Hendardi mengatakan, kritik ICW dan lembaga lain terkait LHKPN untuk menjatuhkan orang yang tidak mereka suka. Dia menekankan pansel tidak bisa didikte siapapun.
“ICW dan PuSAKO dkk meributkan LHKPN sekarang karena memiliki interest untuk menjatuhkan orang-orang yang mereka tidak sukai (polisi dan jaksa) dan mendorong figur favoritnya yang berasal dari kalangan KPK. Pasti pekerja atau pejabat asal KPK sudah lebih siap dengan LHKPN karena dokumen itu memang pelaporannya ke KPK,” terang Hendardi.

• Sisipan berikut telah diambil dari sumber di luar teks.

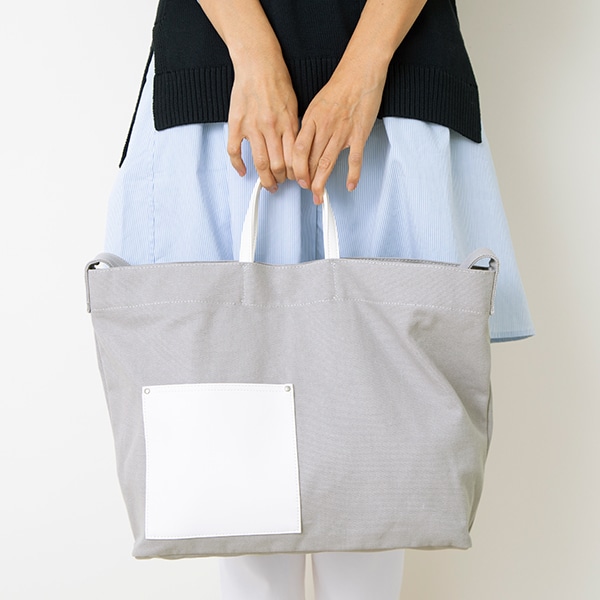帆布トートバッグ 2way ベージュ お買いもの 料理家 栗原はるみ レシピ オンラインショップ 公式 ゆとりの空間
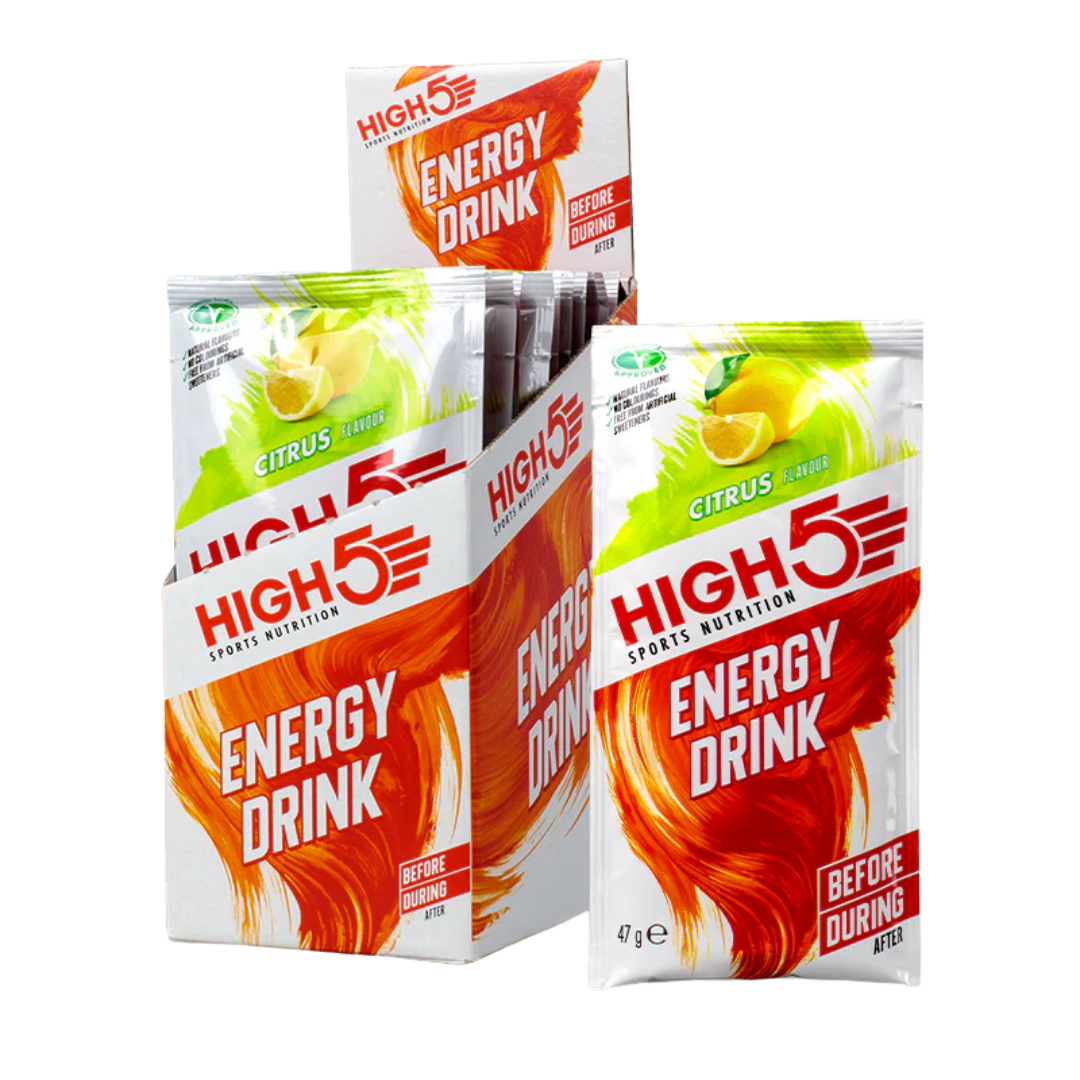 HIGH5 ENERGY DRINK sachet box, CITRUS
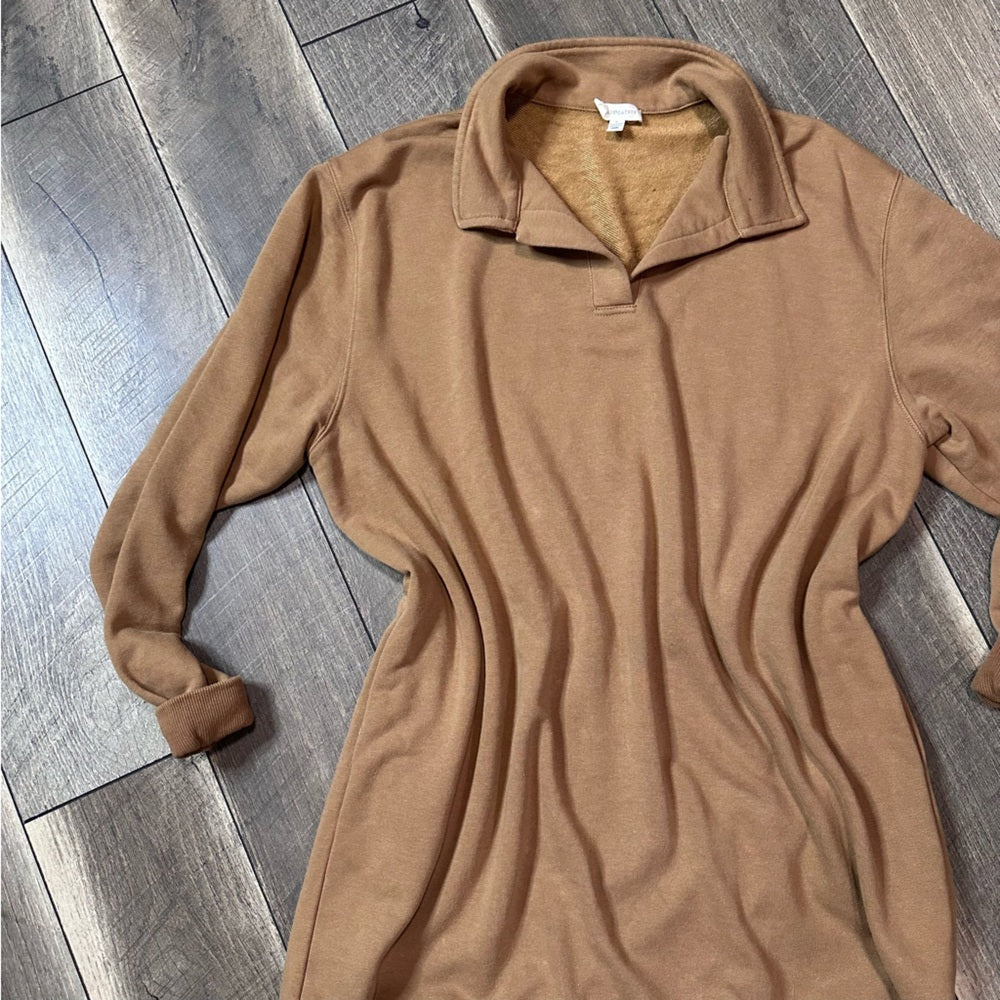 Grade & Gather Collared V Neck Dress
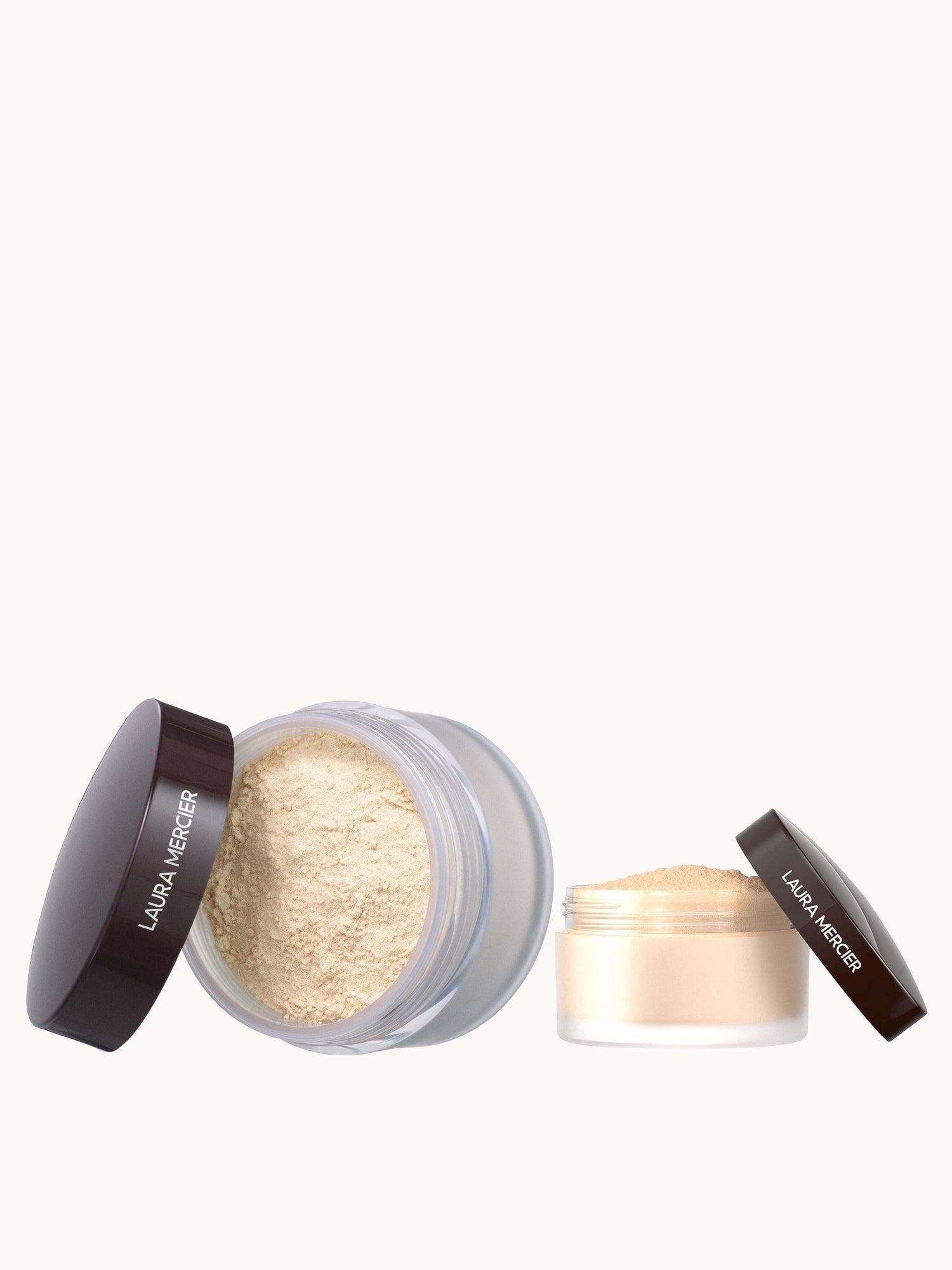 Laura Mercier Translucent Loose Setting Powder Home & Away Duo (Various Shades) Laura Mercier — textura e acabamento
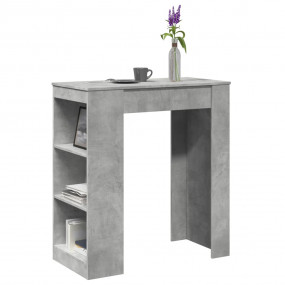 Bar Table Concrete Grey Engineered Wood Large Bar Table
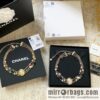 New Chanel Double C Oval Triple Pearl Necklace Necklace
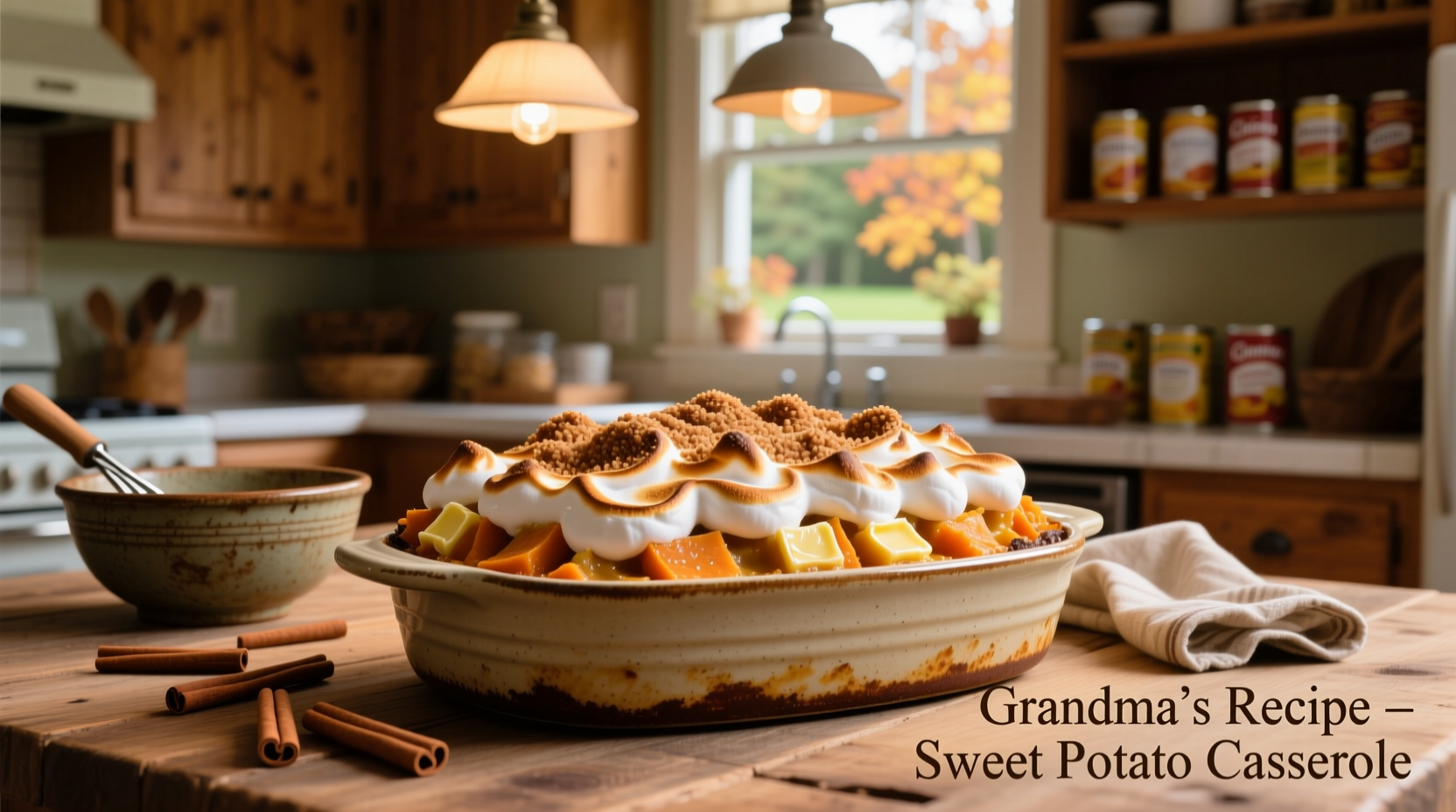Perfect Sweet Potato Casserole with Canned Yams Recipe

Karena itulah, menurut dia, syarat menyerahkan LHKPN diawal-awal seleksi menjadi akal-akalan mereka untuk menggugurkan pihak yang tidak mereka sukai. Namun pansel KPK pantang didikte siapa pun.
Sebelumnya, ICW menilai hasil tes psikologi yang meloloskan 40 capim KPK belum memuaskan publik.
ICW menduga ada beberapa nama yang capim yang memiliki catatan masa lalu yang negatif.
“Mencermati nama yang dinyatakan lolos seleksi psikotes, rasanya tidak berlebihan jika menyebutkan bahwa hasil seleksi pada tahapan ini tidak terlalu memuaskan ekspektasi publik,” kata peneliti ICW Kurnia Ramadhana kepada wartawan, Senin (5/8/2019).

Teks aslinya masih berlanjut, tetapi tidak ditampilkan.